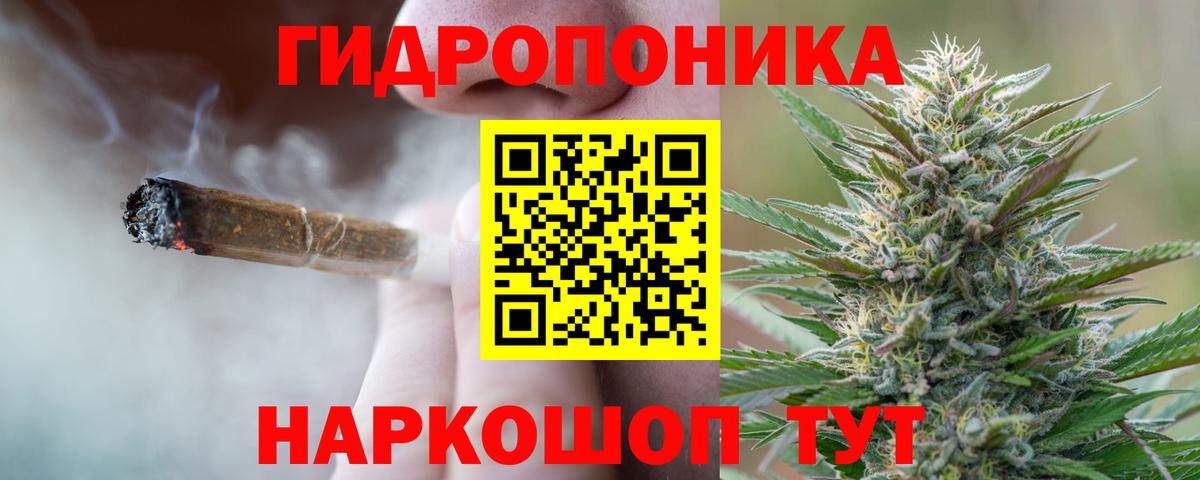 Каннабис планчик Щёлково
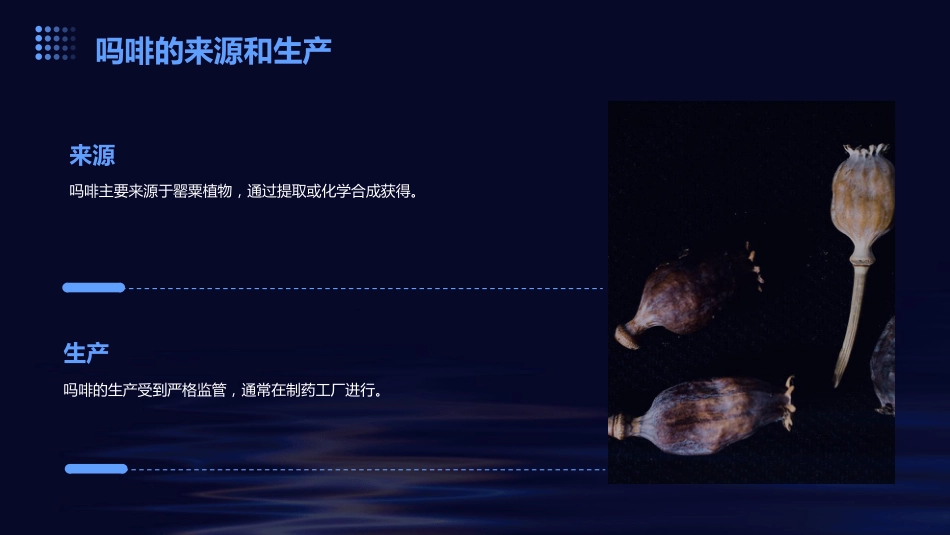吗啡的药理作用及课件_第6页
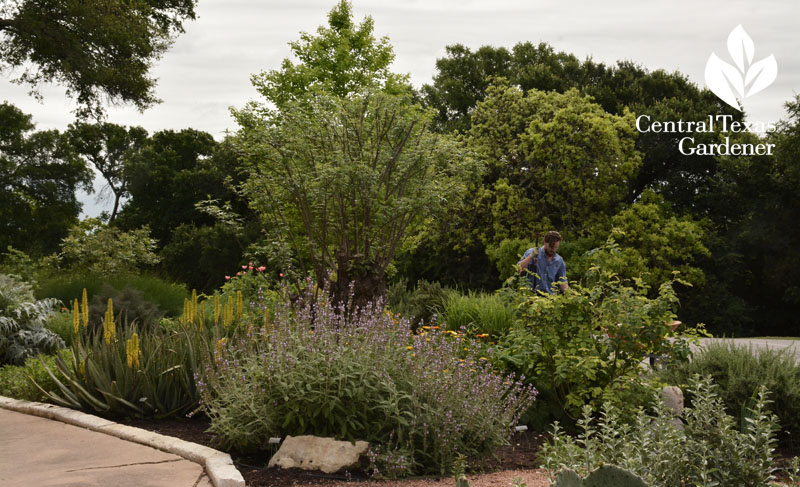 American Botanical Council medicinal gardens Central Texas Gardener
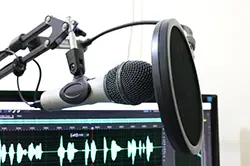 Professional Voiceover Services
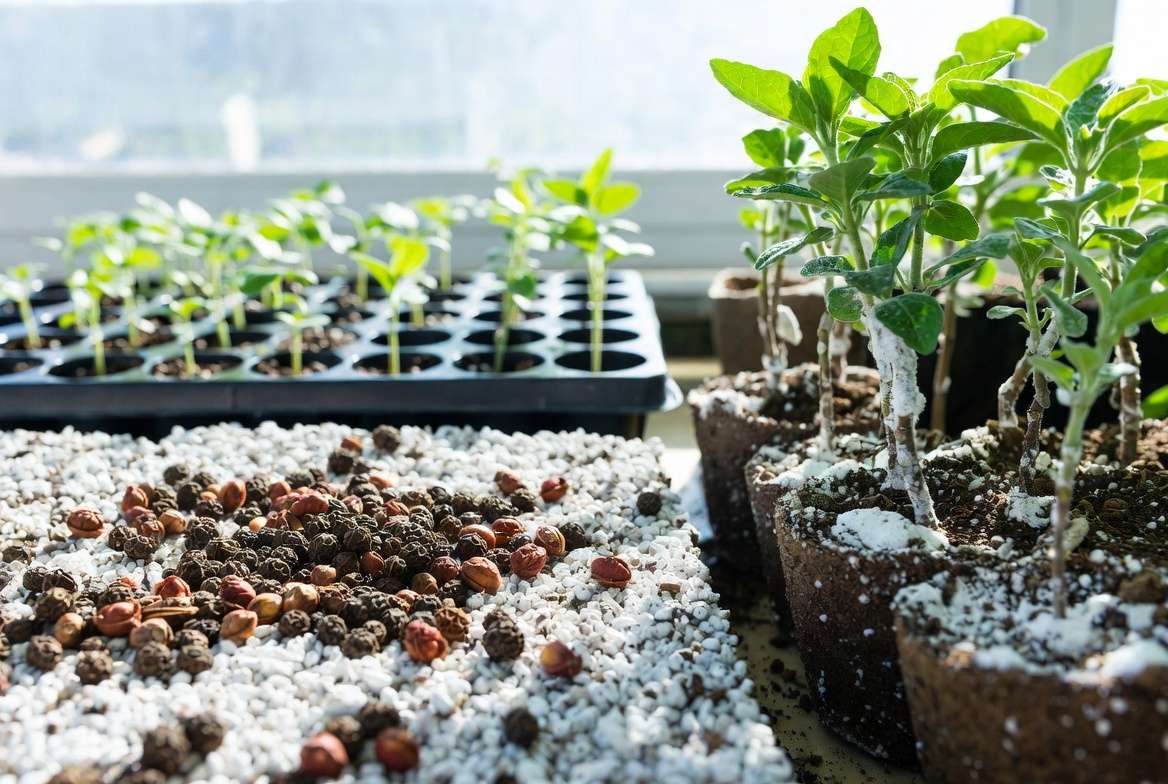Szechuan peppercorn plant propagation from seeds and cuttings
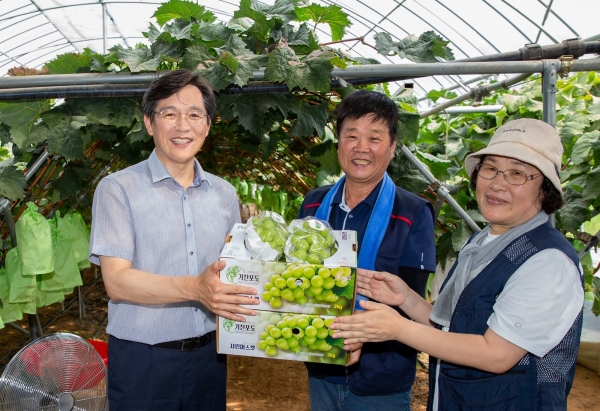 ▲우승희 영암군수가 지난 20일 영암군 금정면의 한 포도 재배농가를 찾아 갓 수확한 샤인머스켓 홍보에 나섰다.(사진제공=영암군)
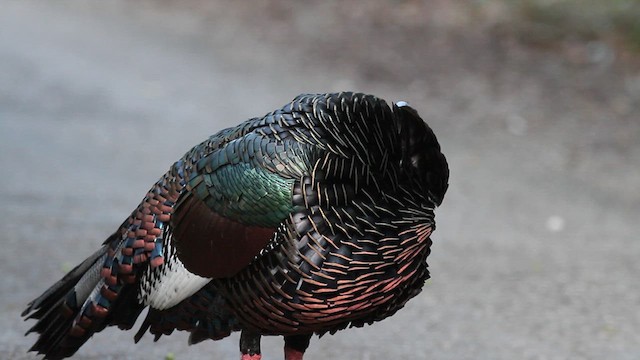 Ocellated Turkey - ML624269377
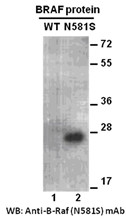 BRAF(N581S)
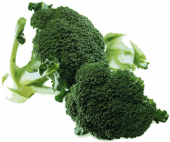 NbNŊg\ ( .gif / 41.9KB )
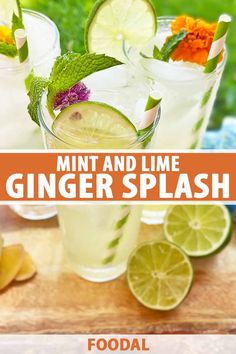 mint and lime ginger splash recipe with text overlay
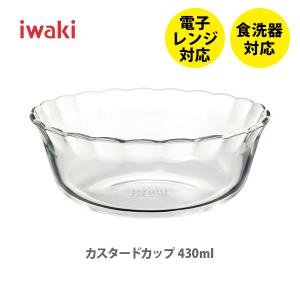 PYREX（パイレックス） ふち飾り皿 イワキ iwaki 耐熱ガラス （外径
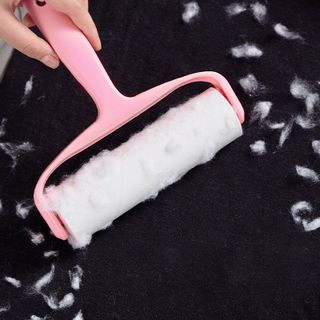 Cây Lăn Bụi Quần Áo Loại 10Cm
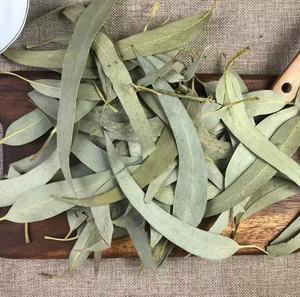 KAIYANGE VENTE EN GROS en vrac OEM Thé vert <span class=keywords><strong>d</strong></span>'<span class=keywords><strong>eucalyptus</strong></span> séché chinois <span class=keywords><strong>Feuilles</strong></span> mobiles Boîtes <span class=keywords><strong>de</strong></span> sachets à base <span class=keywords><strong>de</strong></span> plantes Tasses Traitement brut naturel - Product Image 3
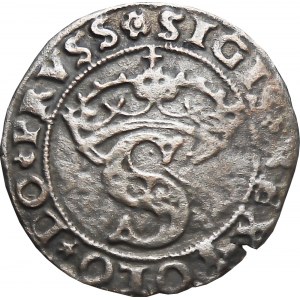 Zygmunt I Stary, szeląg 1528, Toruń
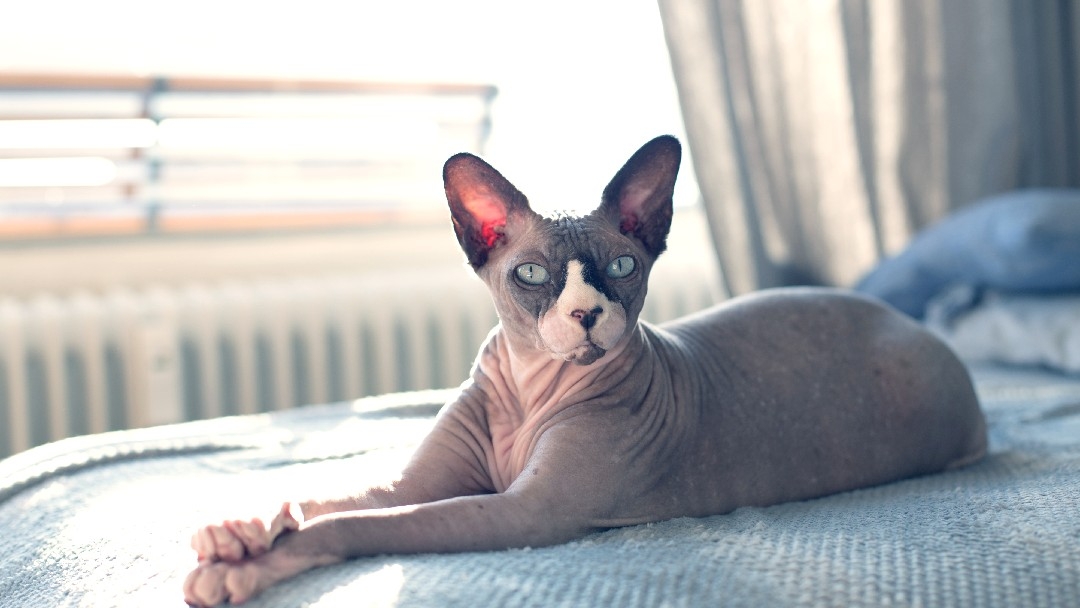 Hairless cat laying on the bed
◆ ◆ ◆ ◆ ◆
● Task prompt
Output all of the records word for word, and keep the pictures out of the copy.

● Reply to the exercise
 Каннабис планчик Щёлково
吗啡的药理作用及课件_第6页
 American Botanical Council medicinal gardens Central Texas Gardener
 Professional Voiceover Services
Szechuan peppercorn plant propagation from seeds and cuttings
 ▲우승희 영암군수가 지난 20일 영암군 금정면의 한 포도 재배농가를 찾아 갓 수확한 샤인머스켓 홍보에 나섰다.(사진제공=영암군)
 Ocellated Turkey - ML624269377
 BRAF(N581S)
 NbNŊg\ ( .gif / 41.9KB )
 mint and lime ginger splash recipe with text overlay
 PYREX（パイレックス） ふち飾り皿 イワキ iwaki 耐熱ガラス （外径
 Cây Lăn Bụi Quần Áo Loại 10Cm
 KAIYANGE VENTE EN GROS en vrac OEM Thé vert <span class=keywords><strong>d</strong></span>'<span class=keywords><strong>eucalyptus</strong></span> séché chinois <span class=keywords><strong>Feuilles</strong></span> mobiles Boîtes <span class=keywords><strong>de</strong></span> sachets à base <span class=keywords><strong>de</strong></span> plantes Tasses Traitement brut naturel - Product Image 3
 Zygmunt I Stary, szeląg 1528, Toruń
 Hairless cat laying on the bed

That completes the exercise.